Well, lo gak salah baca dan gue gak salah nulis juga kok soal judul di atas hehe.. Maksud gue emang bener-bener "Copy time" dan bukan "Coffee time" haha.. Oke, singkat aja, kenapa gue kasih judul gitu, gue mengaku kalau gue baru aja posting tiga entri baru yang semuanya adalah hasil copy-paste haha.. Eh tapi jangan salah sangka dulu karena semuanya juga tulisan gue (hebat kan, copy-paste tulisan gue sendiri? Haha)..

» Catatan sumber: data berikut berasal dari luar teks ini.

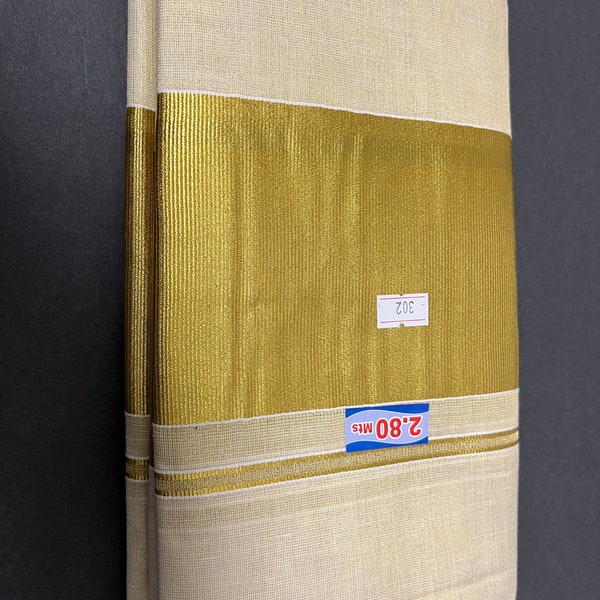 Traditional Kerala golden Tissue set Mundu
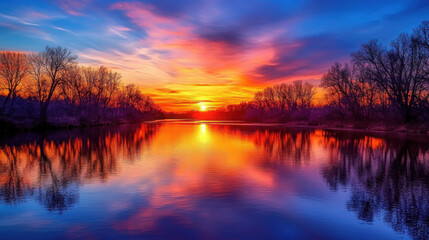 A beautiful sunset over a calm river, with the water reflecting the vibrant colors of the sky and trees lining the riverbank.
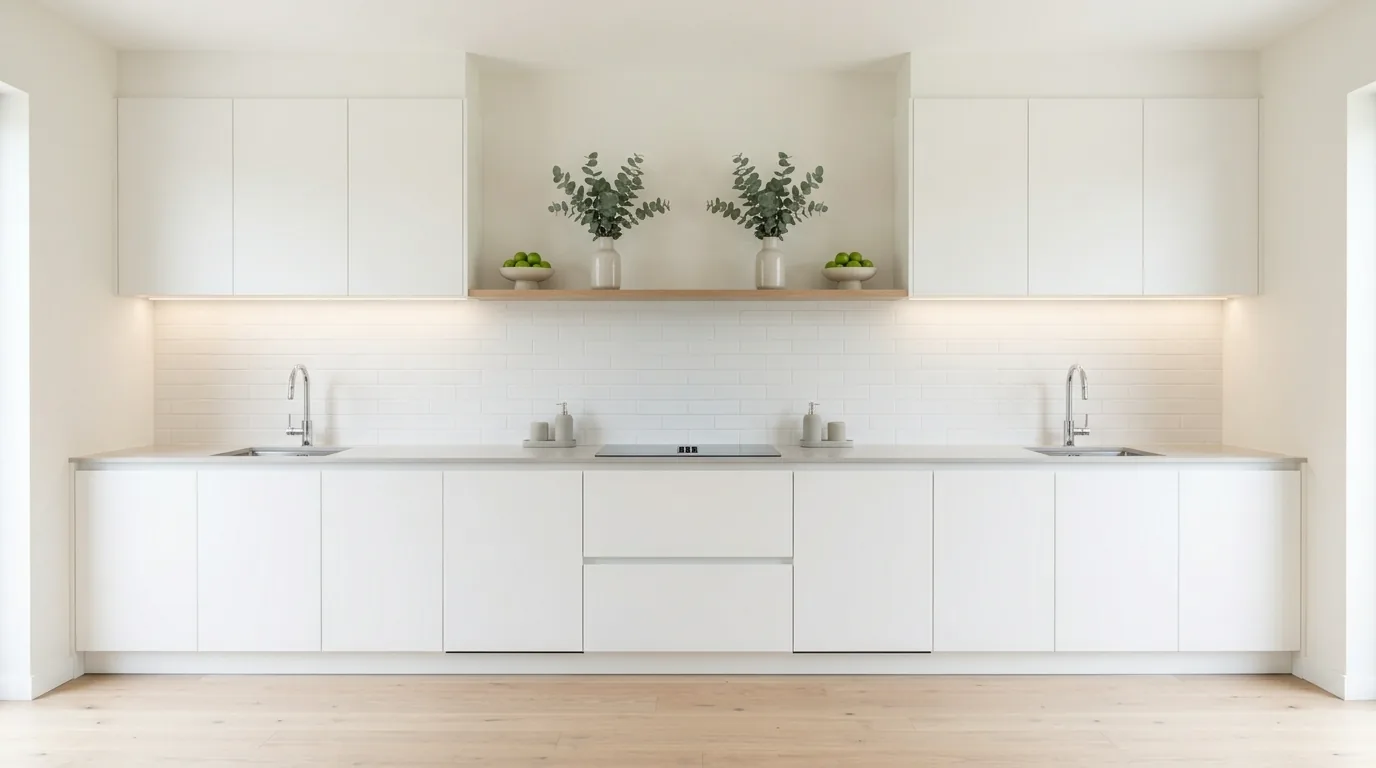 Scandinavian kitchen with light wood cabinets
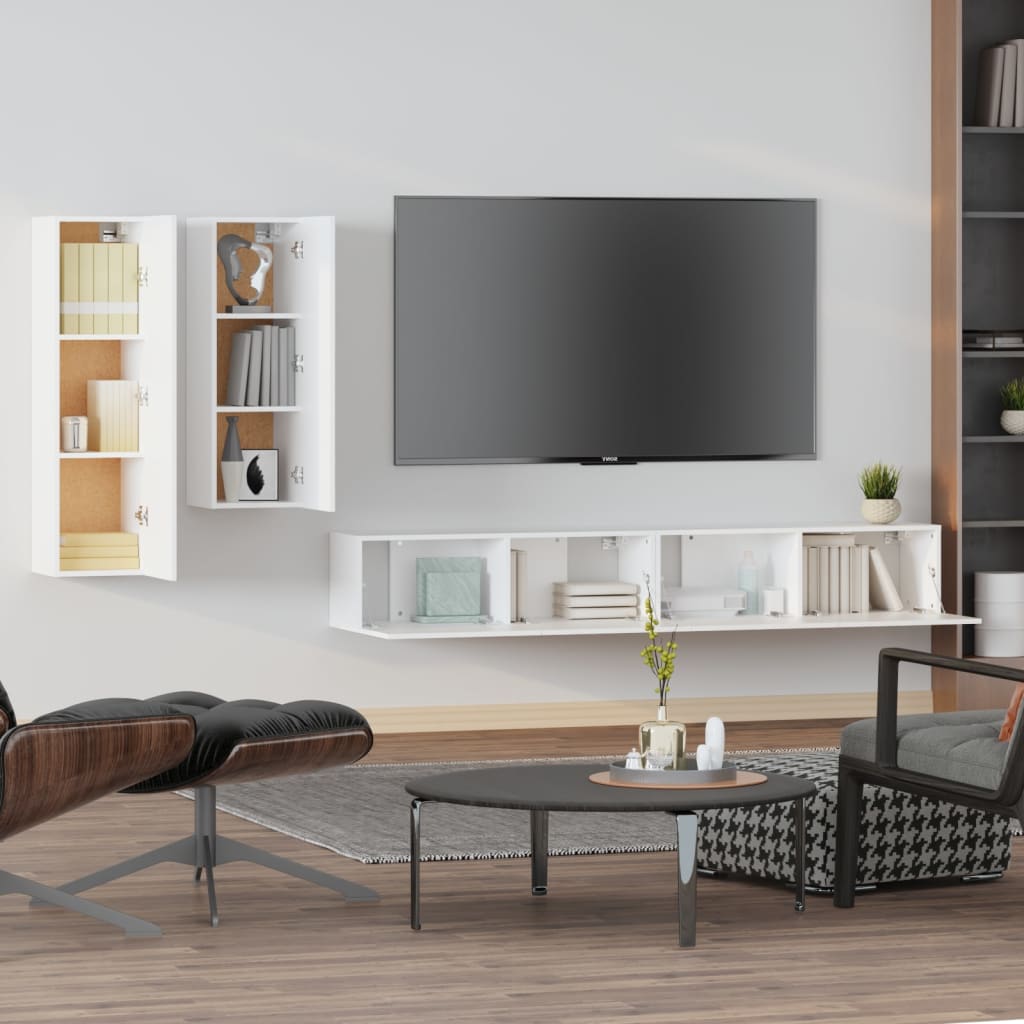 Set di Mobili Porta TV 4 pz Bianco in Legno Multistrato - homemem39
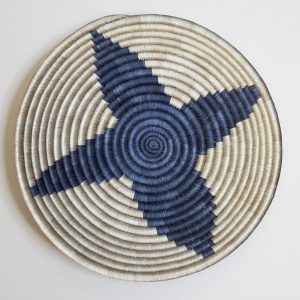 Tan & Black Sisal Basket Bowl with a 4 Petal Flower Design - 12 Inches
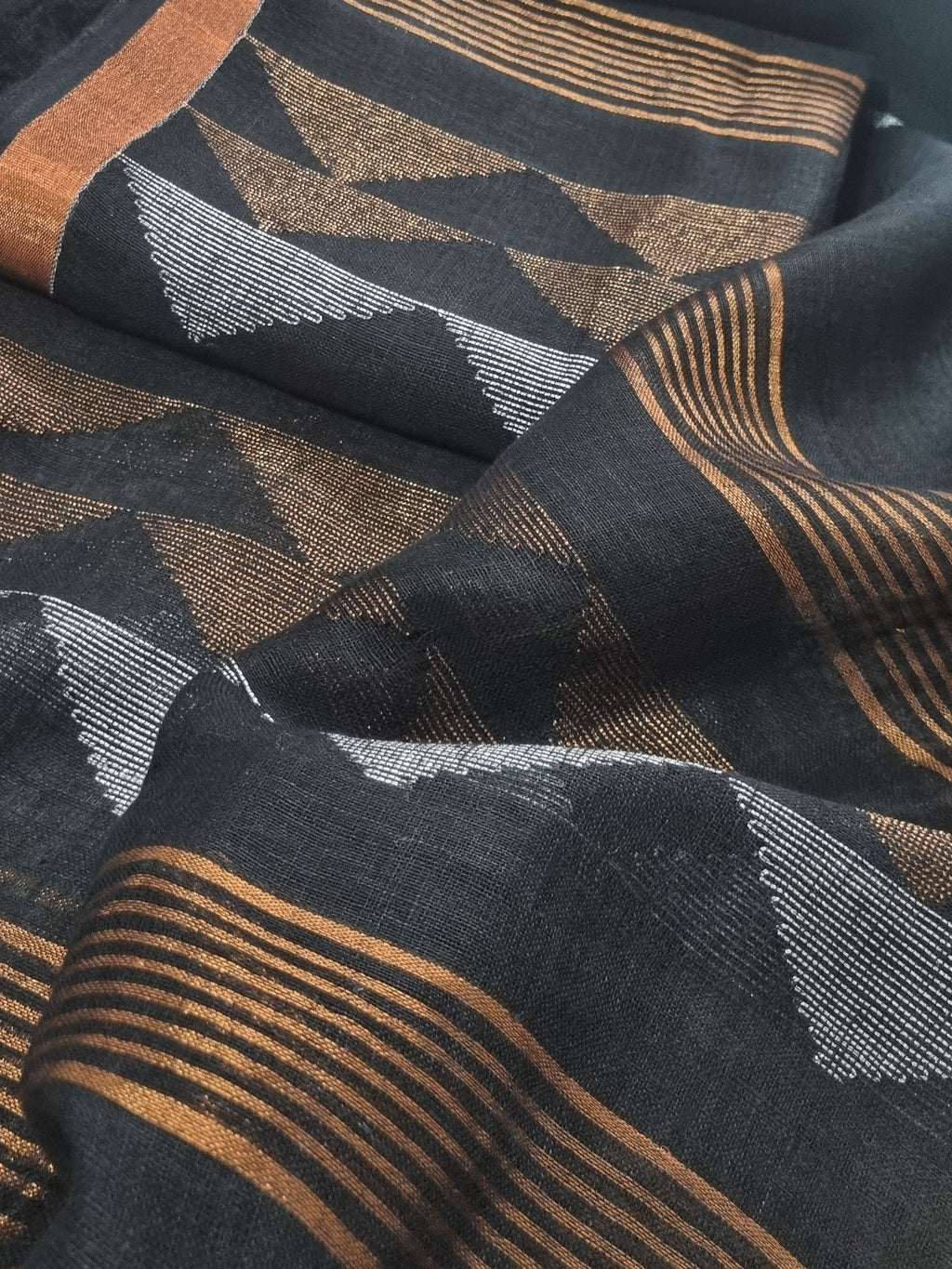 Black handloom linen suit fabric with geometric inverted triangle woven motifs – Kurta Dupatta set, unstitched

Intinya, gue mulai ngerasa kalau situs sosial yang kita sebut-sebut "buku muka" itu mulai sepi, dan gue udah terlanjur punya banyak note-note berharga (LOL) di sana, jadi gue putuskan untuk meng-copy-paste sebagian tulisan-tulisan gue ke blog ini, Adhenoid Lifespot ini.. :D

Yak, selamat membaca tulisan-tulisan gue hasil copy-paste dari "buku muka" gue sendiri.. :D Maaf gue gak nulisin source tulisannya di masing-masing postingan, karena menurut gue gak penting dan gak dosa.. Ya kan? Self-plagiarism gak dosa kan? Hahaha..

Alright, see you my friends!! :D

Ocehan lugas nan sarkastik

Kadang hidup terasa gelap, saat itu kita menggugat hidup itu jahat.. Kadang hidup terasa terang, saat itu kita menganggap kita beruntung.. Loh, kok aneh? Kenapa saat hidup jadi terang kita gak menganggap hidup itu baik, alih-alih kita yang beruntung? Nada yang sama, kenapa saat hidup gelap kita gak menganggap bahwa kita yang lagi sial dan (mungkin) lagi dapet ujian, alih-alih kita menuding hidup lagi jahat sama kita?

Ada satu titik dimana kadang kita sebenernya gak pantes untuk jadi dewasa, atau belum pantes.. Kenapa begitu? Dimana titik itu? Apa penyebabnya?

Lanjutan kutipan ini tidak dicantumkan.